Each one of us has received a special gift in proportion to what Christ has given ... He appointed some to be apostles, others to be prophets, others to be evangelists, others to be pastors and teachers.

--Ephesians 4: 7 and 11

And he appointed yet others, it turns out, to be quarterbacks. Tim Tebow has always wanted two things: to be right with Jesus in heaven and to lead a football team to glory on the field. When he was 6 years old, in the early 1990s, he began to worry about going to hell. He wanted to accept Jesus as his personal Saviour--the Evangelical key to salvation. But when he went to his father, who was a missionary and preacher, he found himself frustrated by questions his father asked him about the Gospel--questions posed, Tebow recalls, "to make sure I was not taking this decision lightly." Finally, young Tebow went to his mother. "I want to ask Jesus to come into my heart," he told her. "I'm ready to be saved. I tried with Dad, but he's just too hard." Mother and son prayed together, and the confession of faith was made. To celebrate, the family went to Epcot.

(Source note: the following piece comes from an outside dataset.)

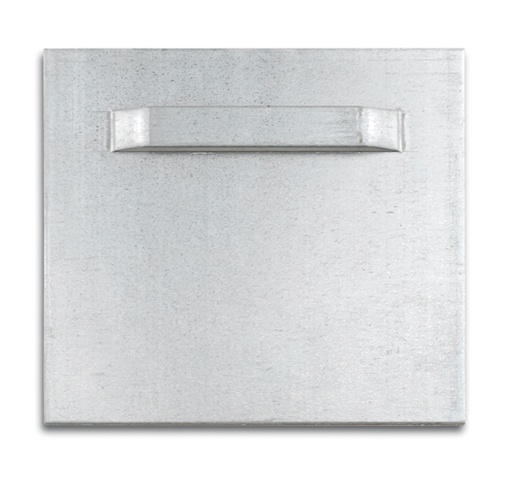 Plate for mirror 100x100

A consummately American story: the fear of death, the hope of heaven and a trip to Disney. This season, with each cliff-hanging win or dismal loss for the Denver Broncos, Tebow, an active, professing Evangelical Christian, has used his gifts and his position as quarterback to create a powerful 21st century witness for Jesus. There is nothing new about the strange intersection of Christianity and football: fans waved JOHN 3: 16 placards long before Tebow etched the citation in his eye black. The re-enactment of the ancient rituals of pain and victory, of comebacks and upsets, has always evoked biblical stories like that of David and Goliath. What is new and what makes Tebow an intriguing figure--no matter how the Broncos do in the playoffs they just barely made--is the scale and scope of his witness. With Billy Graham on the cool side of the mountain and George W. Bush living quietly in Dallas, Tebow is perhaps the most significant Evangelical Christian in the country. Depending on your point of view, his rise is a thoroughly American story of honest conviction or of ostentatious piety, of faith and family or of aggressive sectarianism.

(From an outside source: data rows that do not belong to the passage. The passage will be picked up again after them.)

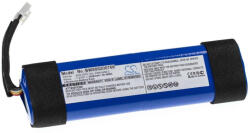 VHBW Akkumulátor JBL 2INR19/66-2, SUN-INTE-103 JBL hangszórót - Li-Ion 5200 mAh (888200766)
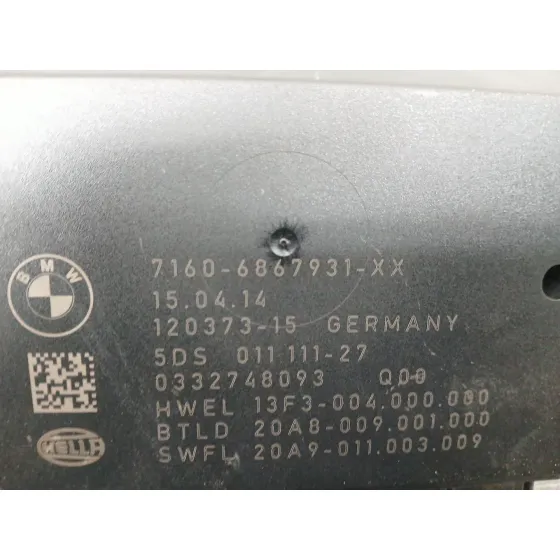 Modulo Electronico para Bmw 3 Touring (F31)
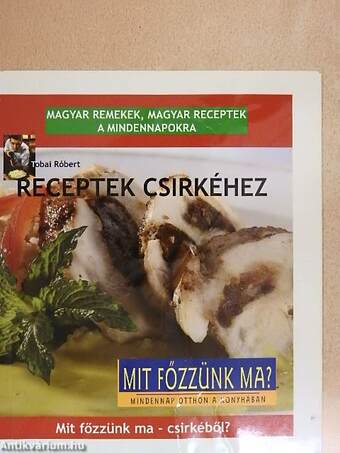 Receptek csirkéhez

Tebow's witness is the latest chapter in a decades-old Evangelical movement to transform America. Drawing on images from the Gospel of Matthew, leaders from theologian Francis Schaeffer to Bill Bright of Campus Crusade for Christ to televangelist Jerry Falwell have summoned believers to be ministers of "salt and light." The common shorthand is "You are the salt of the earth; you are the light of the world." To be salt is to be engaged in the world, confronting the culture; to be light is to preach the Gospel message, winning souls and building churches. Tebow's Baptist missionary father Bob is very much a part of this Evangelical movement. On the day the senior Tebow began to pray for a son, he was showing The Jesus Film--a Bill Bright creation--to potential converts in the Philippines.